Pioneer Oil Co. v. Sebastian, 5524.

Citation80 S.W.2d 281
Decision Date04 March 1935
Docket NumberNo. 5524.,5524.
PartiesPIONEER OIL CO. v. SEBASTIAN et al.
CourtCourt of Appeal of Missouri (US)

Foulke & Foulke, of Joplin, for plaintiff in error.

Vern E. Thompson and Loyd E. Roberts, both of Joplin, for defendant in error.

ALLEN, Presiding Judge.

Plaintiff's action is in three counts. The first count is upon a check dated December 18, 1931, directing the Joplin National Bank & Trust Company to pay to Pioneer Oil Company, or order, $30.46, signed by Motor Port, Inc., Fred G. Sebastian and Katherine Freeman Sebastian.

The second count is upon a check dated December 21, 1931, directing the Joplin National Bank & Trust Company to pay to ____ or order, $53.18, signed Motor Port, Inc., Fred G. Sebastian and Katherine Freeman Sebastian.

The third count alleges that John W. Freeman was on the 6th day of October, 1930, and to and including June 4, 1932, the owner and proprietor of a garage business in the city of Joplin. That the said business was being conducted by him, under the name of Motor Port, Inc. That defendant Fred G. Sebastian was a son-in-law of defendant, Freeman, and that on all of said dates was the agent of the defendant Freeman in conducting said garage business; and that between said dates Sebastian, for himself, and as agent of defendant Freeman, purchased of plaintiff certain gasoline and motor oils, covered by the two checks above mentioned in counts 1 and 2, and in addition thereto for gasoline and motor oils, sold on open account, in the sum of $340.62, amounting in all to the sum of $424.26.

To all of which counts of plaintiff's petition, defendant Freeman answered, denying that he was ever the owner or proprietor of the Motor Port, Inc., and denying that either defendant Sebastian or Katherine Freeman Sebastian, his wife, who was a daughter of defendant Freeman, ever, at any of said times, acted as agent for him (Freeman) in said matter.

The cause was submitted to the trial court, without a jury, and judgment was for the plaintiff on all three counts, with interest, in the total sum of $473.08, from which judgment Freeman (plaintiff in error) brings the case to this court, on writ of error.

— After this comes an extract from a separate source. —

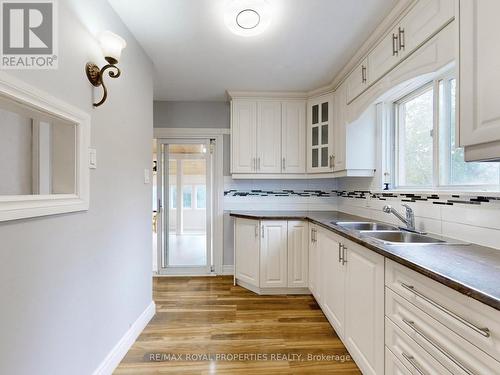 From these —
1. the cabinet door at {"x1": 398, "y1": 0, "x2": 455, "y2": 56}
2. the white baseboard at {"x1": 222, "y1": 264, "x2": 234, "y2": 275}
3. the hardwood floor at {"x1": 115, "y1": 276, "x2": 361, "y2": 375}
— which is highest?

The solution of the issues in this case is dependent entirely upon the force and effect, if any, of a certain contract alleged to have been executed on the 6th day of October, 1930 by Motor Port, Inc., by G. L. Childress, president, as party of the first part, and defendant John W. Freeman, party of the second part, which contract appears in evidence and is discussed and construed by Judge Smith, of this court, in the case of Motor Port, Inc., et al. v. Freeman, in 62 S.W.(2d) at pages 479 to 481, inclusive, which contract is the same as the one in issue in the case at bar, and is as follows:

"This contract and agreement made and entered into this 6th day of October, 1930, by and between the Motor Port, Incorporated, a corporation, and G. L. Childress, as parties of the first part, and John W. Freeman, his heirs and assigns, as party of the second part.

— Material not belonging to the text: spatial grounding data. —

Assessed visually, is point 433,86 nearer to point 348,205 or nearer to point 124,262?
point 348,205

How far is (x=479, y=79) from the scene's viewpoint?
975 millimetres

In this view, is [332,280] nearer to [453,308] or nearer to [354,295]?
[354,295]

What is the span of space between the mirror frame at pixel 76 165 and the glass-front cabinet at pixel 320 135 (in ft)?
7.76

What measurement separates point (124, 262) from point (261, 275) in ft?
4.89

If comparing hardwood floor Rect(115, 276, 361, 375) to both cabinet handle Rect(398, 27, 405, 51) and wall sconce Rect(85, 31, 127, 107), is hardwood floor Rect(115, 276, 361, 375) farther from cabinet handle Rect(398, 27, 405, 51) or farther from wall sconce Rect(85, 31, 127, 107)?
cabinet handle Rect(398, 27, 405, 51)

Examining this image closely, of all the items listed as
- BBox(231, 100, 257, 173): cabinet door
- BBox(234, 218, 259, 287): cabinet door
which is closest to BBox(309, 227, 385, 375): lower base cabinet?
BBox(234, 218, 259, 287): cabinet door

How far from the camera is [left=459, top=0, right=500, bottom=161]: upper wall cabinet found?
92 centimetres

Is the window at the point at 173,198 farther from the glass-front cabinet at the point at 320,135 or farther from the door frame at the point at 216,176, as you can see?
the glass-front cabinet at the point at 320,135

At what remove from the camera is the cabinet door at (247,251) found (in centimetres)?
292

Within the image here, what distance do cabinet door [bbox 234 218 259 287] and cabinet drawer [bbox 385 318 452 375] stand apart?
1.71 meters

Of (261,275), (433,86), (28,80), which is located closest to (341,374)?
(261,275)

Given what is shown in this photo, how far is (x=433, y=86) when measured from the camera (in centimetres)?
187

"Witnesseth: That for and in consideration of the sum of One ($1.00) Dollar, the receipt of which is hereby acknowledged, the parties of the first part are the owners of all of the stock, equipment and lease at a garage located at the northeast corner of Second and Wall Streets, Joplin, Missouri, commonly called the Motor Port, Inc., and that the parties of the first part upon the date of the signing of this contract hereby agree to turn over to the party of the second part full charge of the business and the use of all tools, machinery, supplies and equipment located in the building of the garage at the northeast corner of Second and Wall Streets for a period from the date of this contract to the end of the first five year period of the lease on said premises from J. M. Leonard.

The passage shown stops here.